DATA FOR ANALYSIS ▸
....................

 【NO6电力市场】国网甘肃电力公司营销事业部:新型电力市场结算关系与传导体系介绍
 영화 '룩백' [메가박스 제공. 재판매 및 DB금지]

....................

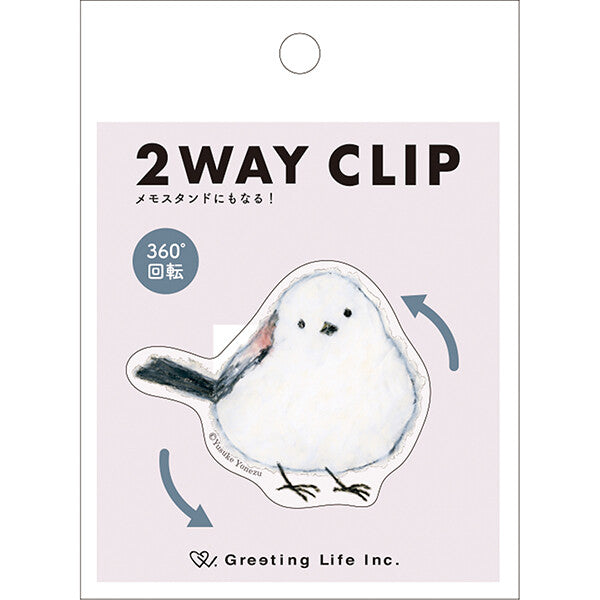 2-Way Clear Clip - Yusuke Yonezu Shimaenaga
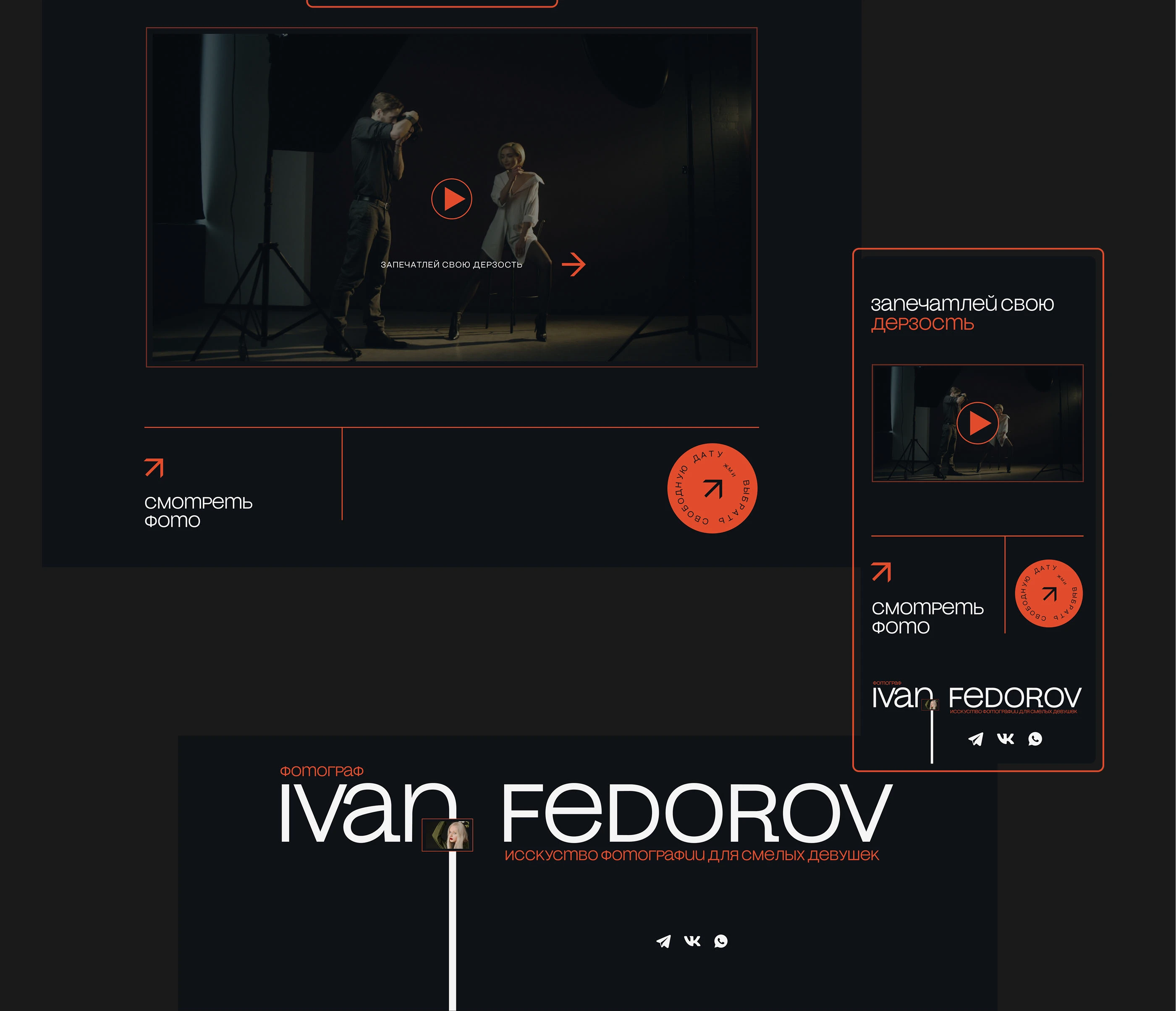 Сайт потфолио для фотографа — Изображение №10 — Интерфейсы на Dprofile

....................

PROBLEM STATEMENT ▸ Starting at the line with "2-Way Clear Clip - Yusuke Yonezu Shimaenaga" in the entries above, write out every line exactly until the line with "Сайт потфолио для" has been written. Include no pictures and nothing more.

TASK SOLUTION ▸
 2-Way Clear Clip - Yusuke Yonezu Shimaenaga
 Сайт потфолио для фотографа — Изображение №10 — Интерфейсы на Dprofile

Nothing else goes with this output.